When carrying out research, it's important to be coordinated in time and space. Time is of the essence when grant deadlines are looming, and spatial coordination is essential in a crowded laboratory. This need for time/space coordination is also applicable to cells, and an example of this is discussed in a Review on page 127 by Eckart D. Gundelfinger, Michael M. Kessels and Britta Qualmann. In secretory cells, exocytosis must be tightly coupled to endocytosis to control the surface area and composition of the plasma membrane and, although we understand the processes of exocytosis and endocytosis quite well, what is less clear is how these two events are coordinated in time and space.

The importance of spatial coordination is highlighted in a Review on page 105 by José D. Faraldo-Gómez and Mark S. P. Sansom. They describe how Gram-negative bateria acquire iron — a process that requires the coordinated action of various proteins to transport iron-containing compounds across the bacterial cell wall and the inner and outer membranes.
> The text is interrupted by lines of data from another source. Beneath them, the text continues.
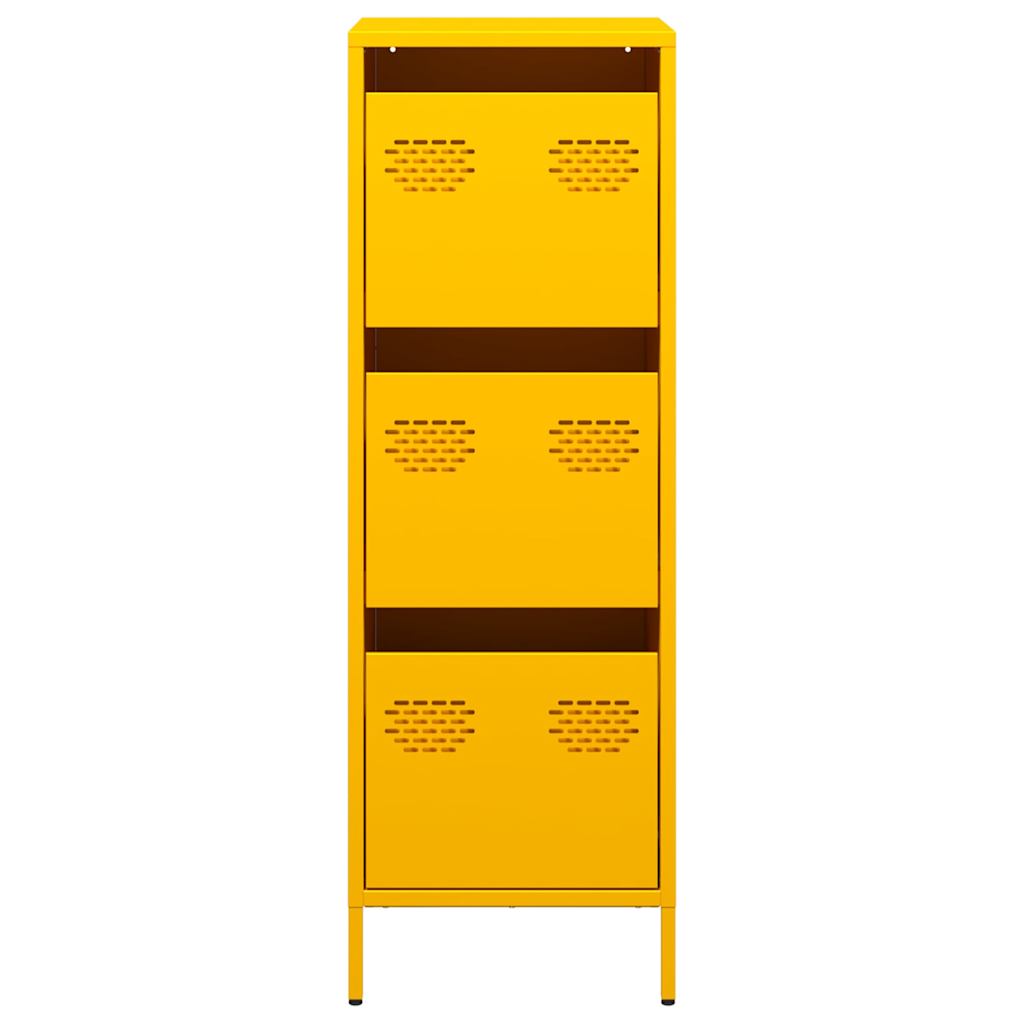 Credenza Giallo Senape 39x35x103,5 cm in Acciaio - homemem39
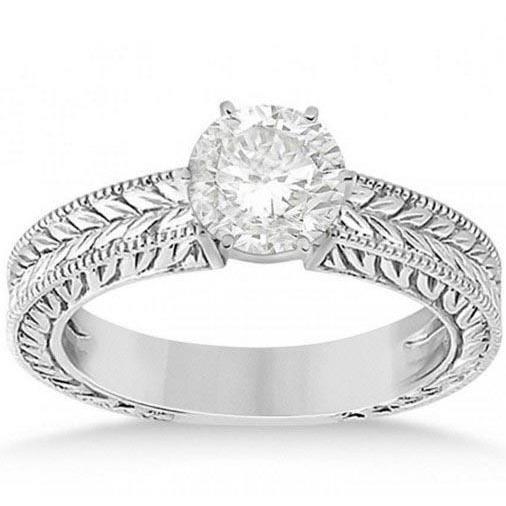 Bague de mariage Réel diamant solitaire de style antique de 2.50 carats en or blanc 14 carats
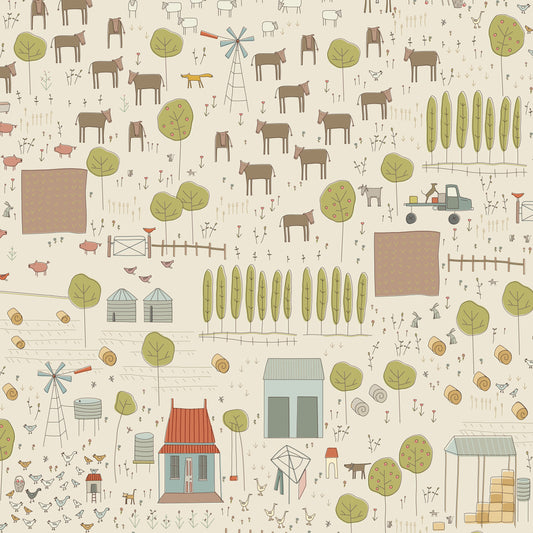 Appleby Farm Main Print Cream DV7730 by Hatched and Patched for Devonstone Fabrics (sold in 25cm increments)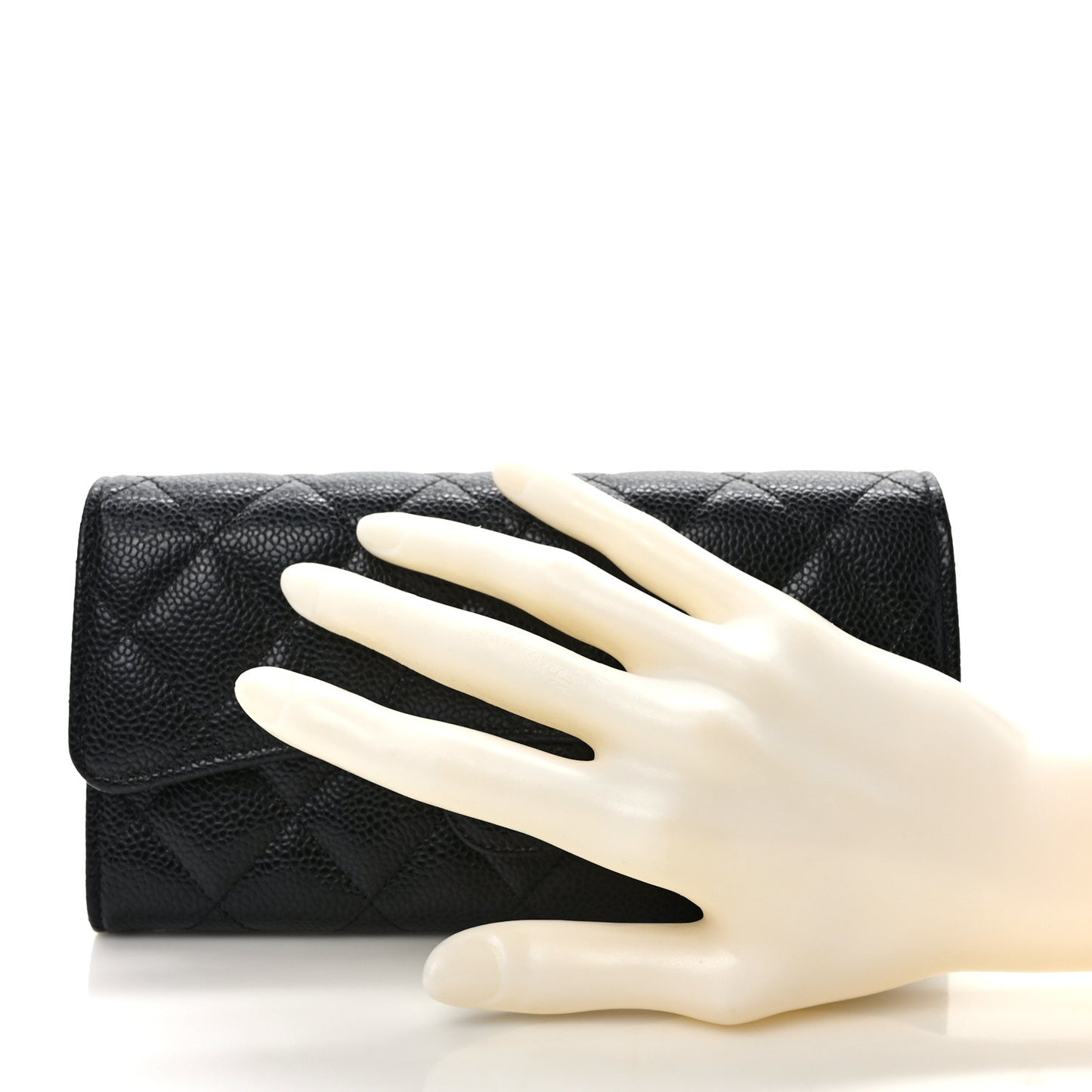 Caviar Quilted Large Gusset Flap Wallet Black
Spatial coordination is also important for the formation of protein complexes. On page 140, Laszlo Lorand and Robert M. Graham review transglutaminases, enzymes that catalyse the crosslinking of proteins in space to generate and strengthen supramolecular structures. And, on page 95, Jürg Tschopp, Fabio Martinon and Kimberly Burns discuss NALPs, a new protein family that is involved in inflammation. NALP1 and other proteins come together in space to form a complex called the inflammasome, which results in the activation of pro-inflammatory caspases.

Finally, back to time. In an Opinion article on page 157, Crispin J. Miller and Teresa K. Attwood look to the future and try to predict how the increasing scale of data analysis will affect the bioinformatics job market.